Black “Lacquer” Secretary Desk
I spotted this desk at a local auction, and knew it would be the perfect fit for a small wall nook in my office. I loved the glass doors on the top that allow for showcasing pretty things, but the drawers on the bottom were perfect for use as storage for guests since the room doubles as a bedroom. It looked to be in very bad shape cosmetically, but it was structurally sound, so I bid low and got it for $25!
The before and after are quite remarkable for a project that only took one afternoon. Keep reading to see how I did it!

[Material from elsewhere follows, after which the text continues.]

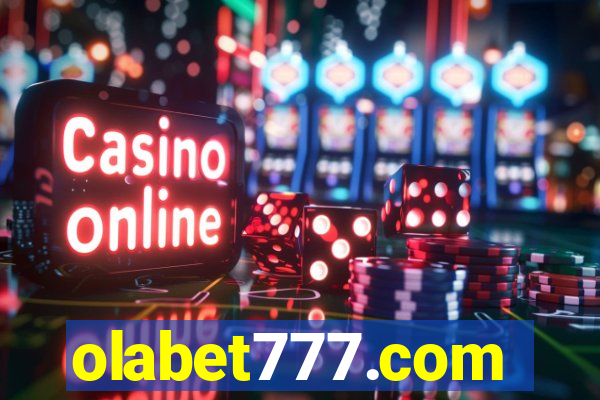 olabet777.com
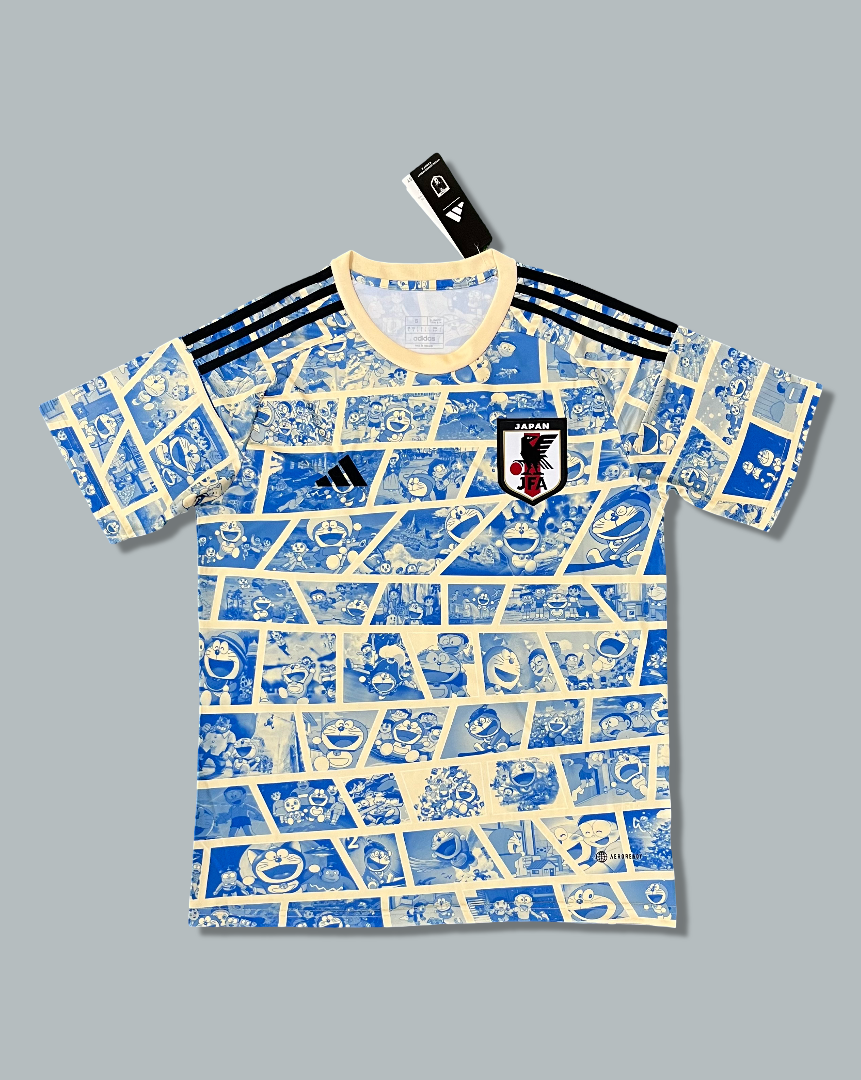Japan 25/26 "Dingdang Edition"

Below are the tools/products I used for the project, all found at my local home improvement store. I used a wood fill pencil, sanding block, sticky rags to pick up the dust and a short Wooster brand brush – this was a great find!
But by far, the best advice I have is investing in a good quality paint. I wanted the look of a high shine lacquer, but that can take lots of coats and lots work. The Behr Marquee Interior Semi-Gloss Enamel paint is life changing. I’ll get to that later.
I first started by sanding the entire surface area of the desk to even out as much as possible. I used a 180 grit flexible sanding block which was much easier to maneuver than a regular sand paper sheet. I then wiped the surface clean with the tacky cloth – this is a great trick to get the surface nice and clean. The last step was filling in any major gashes with a wood filling pencil. I selected a color close to the original finish, but it didn’t really matter since it would be painted over.
While the wood filler was drying, I removed the hardware and used a gilding paste to give it new life. I swear I use this on almost every project I do! It’s such a quick and easy was to get wood, metal, almost anything a beautiful gilt finish. The best part is that you can control the coverage – from hints of gold in the nooks and crannies to full on glam.
Once the wood filler was dry, I painted. And this is where I realized how much paint quality matters. ONE coat was all it took to get a rich, full coverage and glossy finish. The tiny scratches were gone, and I was left with an even and wonderful result.
I originally painted the back a powder blue, but it was falling flat. I got this marbalized paper from a local paper store, and it gave the back wall the perfect statement I was looking for.
The wood panes were originally on the inside of the glass, but I moved them to the outside which gives them more definition and impact. It was an easy switch, simply removing the tiny metal tacks and pushing them back in on the other side.
I’m still looking for the right piece to put on top to give it more height. I’m thinking a cool vintage birdcage? I love the hunt!